C'est que le savoir analytique d'un côté est attirant, de l'autre rétif à l'organisation humaine, comme Freud l'avait dit lui-même, le sujet n'aimant pas à se savoir ainsi divisé par des puissances internes. Tout brûlot est bienvenu qui nous débarrasse de ce savoir au fond indésirable. Quel soulagement si Freud était un menteur ! Nous ne serions pas satellisés par notre vérité pulsionnelle. Or, il faut s'y faire, il a «lâché le morceau» ! Le caractère injuste et fou de ces critiques est de se représenter cet homme qui plaçait la véracité et le courage en valeurs absolues (au-dessus de l'intelligence) et qui se défiait comme de la peste des «visions du monde» qui ont réponse à tout, comme le tenant d'une vision pansexualiste moniste (stéréotype répété à l'envi).

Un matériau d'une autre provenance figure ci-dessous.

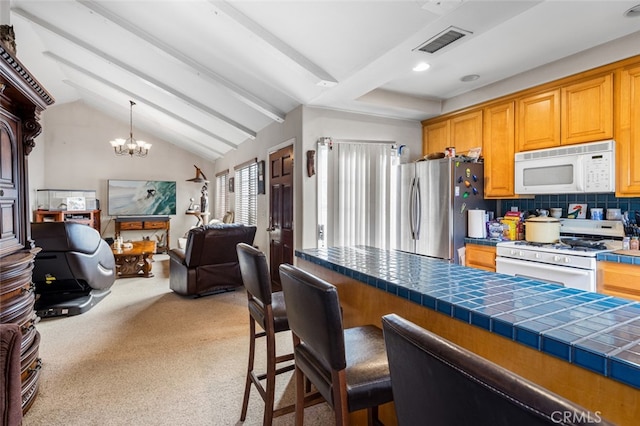 kitchen with light carpet, an inviting chandelier, tile counters, tasteful backsplash, and white appliances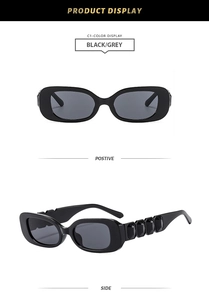 Detail view of black square sunglasses with crystal embellishments and grey lenses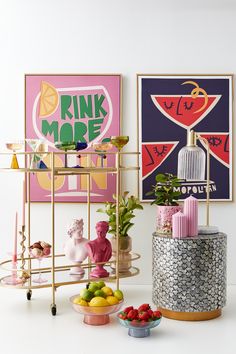 various items are arranged on a shelf in front of posters and other art work,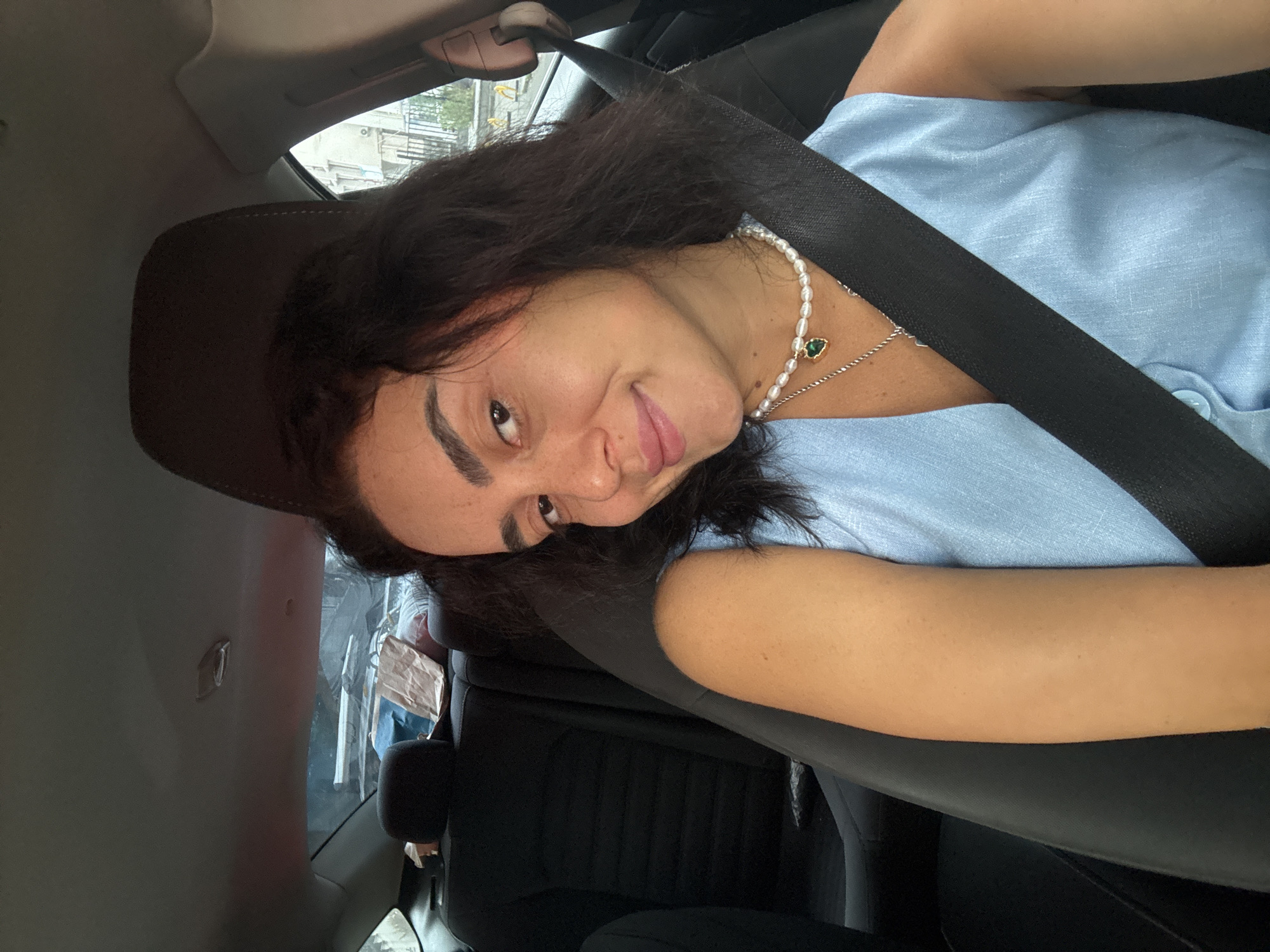 A young woman with dark, wavy hair and brown eyes is seated in the passenger seat of a car, looking towards the camera with a slight smile. She is wearing a light blue sleeveless top and a pearl necklace with a green pendant. A black seatbelt is fastened across her chest. The interior of the car is visible, including black leather seats and the headrest. Outside the car window, buildings and vegetation can be seen, suggesting an urban environment. The background suggests the scene is in the city of Tbilisi, Georgia.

Ce qui ne l'empêchait pas d'avoir lui-même ses symptômes (il est mort d'un symptôme nommé tabac), ses tâtonnements, mais surtout une passion de corriger ses propres acquis (contre les psychanalystes même !) et de chercher «non ce qui est plus avantageux, mais ce qui se rapproche de la mystérieuse réalité». Quel contraste avec les phraseurs ! Freud détestait «la majorité compacte» dont parlait Henrik Ibsen, celle des conventions et des consensus, mais aussi ceux qu'il appelait «les originaux au mauvais sens du terme», ceux qui forgent leur originalité dans l'outrance de la critique et l'édification d'un petit système personnel. Le succès de mauvais aloi de cette négation du réel inconscient pourrait provenir de ce qu'elle donne alibi à l'envie de revenir sur ce pas décisif et de déboussoler une «idole» (là où il y avait seulement un homme de vérité).
La haine du symbolique, ressort de « l'antipsychanalysme »
Il semble y avoir un enjeu plus caché et plus déterminant dans cette détestation de la psychanalyse : c'est ce qu'elle nous montre un sujet désirant confronté à la culpabilité et à la loi. Pour lui permettre de s'en débrouiller certes et ne pas s'y enfoncer.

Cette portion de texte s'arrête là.